■ **Work required**
Exactly the lines from the one containing "Škoda Superb 2,0 TDI 110 kW Style Záru 2023" through the end of the listing should be written out, both ends included, and nothing more.

■ **Listed records**
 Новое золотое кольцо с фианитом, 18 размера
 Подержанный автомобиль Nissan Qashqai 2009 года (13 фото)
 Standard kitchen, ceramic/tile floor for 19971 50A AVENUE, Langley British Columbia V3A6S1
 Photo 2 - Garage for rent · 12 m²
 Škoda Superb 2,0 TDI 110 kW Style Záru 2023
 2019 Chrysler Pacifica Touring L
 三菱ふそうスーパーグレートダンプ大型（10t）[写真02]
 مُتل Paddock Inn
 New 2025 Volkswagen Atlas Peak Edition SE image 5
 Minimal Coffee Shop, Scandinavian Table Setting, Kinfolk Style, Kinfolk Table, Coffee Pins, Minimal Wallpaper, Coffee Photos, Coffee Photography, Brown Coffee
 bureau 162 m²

■ **Answer to the problem**
 Škoda Superb 2,0 TDI 110 kW Style Záru 2023
 2019 Chrysler Pacifica Touring L
 三菱ふそうスーパーグレートダンプ大型（10t）[写真02]
 مُتل Paddock Inn
 New 2025 Volkswagen Atlas Peak Edition SE image 5
 Minimal Coffee Shop, Scandinavian Table Setting, Kinfolk Style, Kinfolk Table, Coffee Pins, Minimal Wallpaper, Coffee Photos, Coffee Photography, Brown Coffee
 bureau 162 m²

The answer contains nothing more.